• **Stored data**:
######

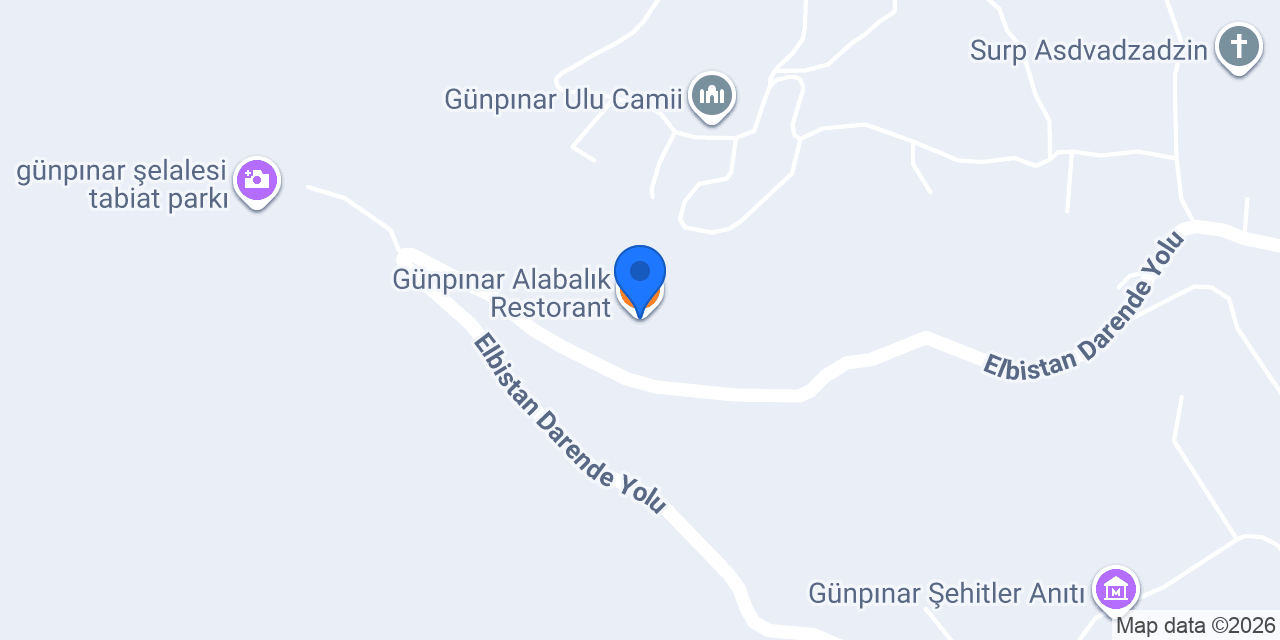Günpınar Alabalık Restorant konumu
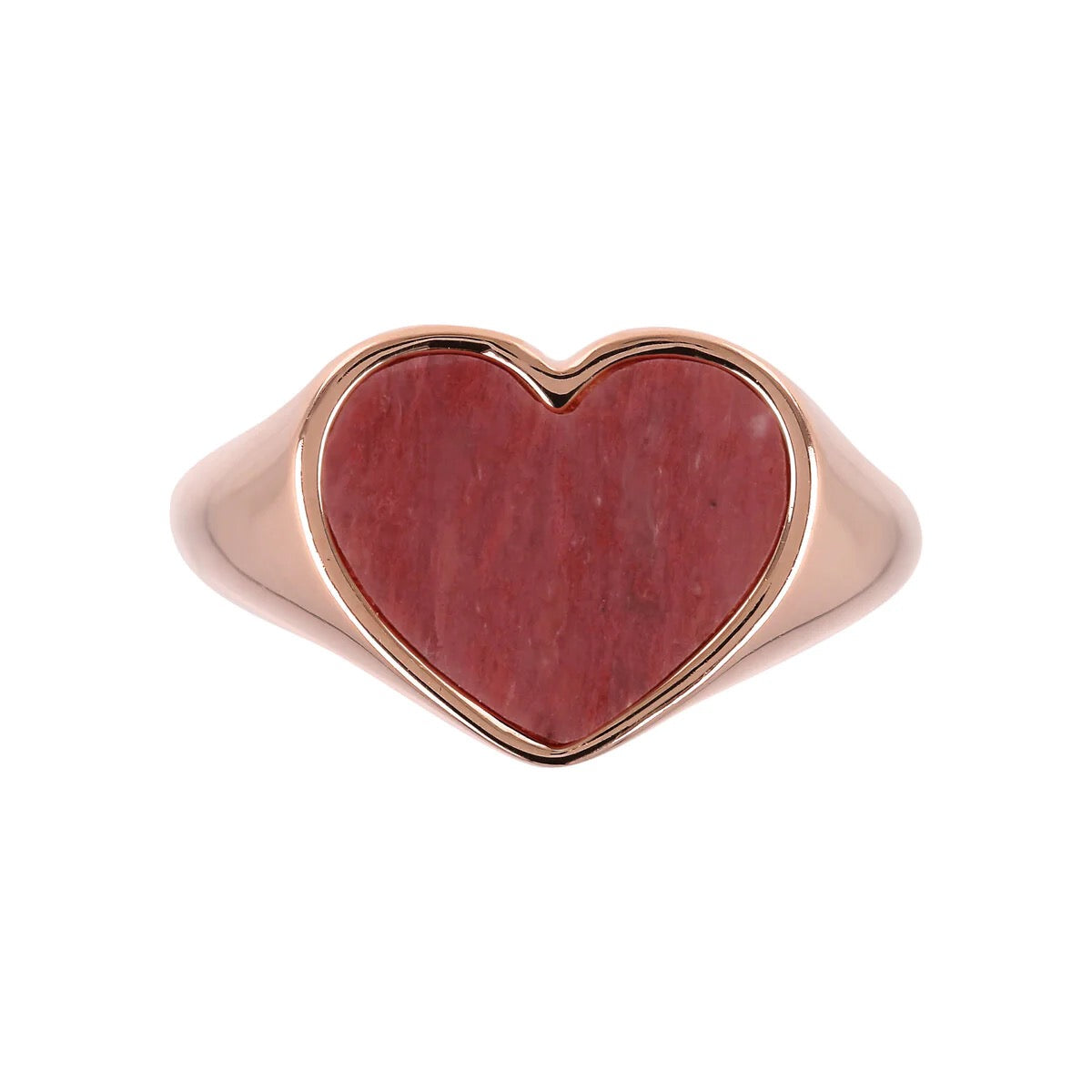 Chevalier Ring with Natural Stone Heart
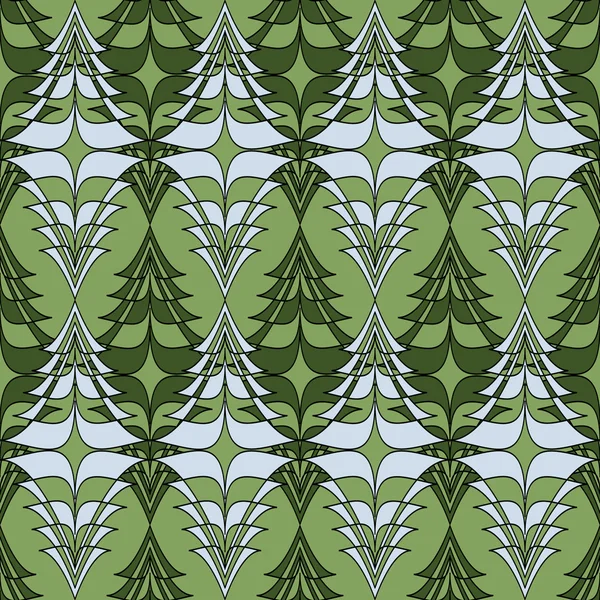 Copaci de Crăciun. Ilustrație vectorială abstractă a unui fundal de Crăciun — Vector de stoc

######

• **Work required**: Could you return the entire listing above verbatim while dropping each picture?

• **Task answer**:
Günpınar Alabalık Restorant konumu
 Chevalier Ring with Natural Stone Heart
 Copaci de Crăciun. Ilustrație vectorială abstractă a unui fundal de Crăciun — Vector de stoc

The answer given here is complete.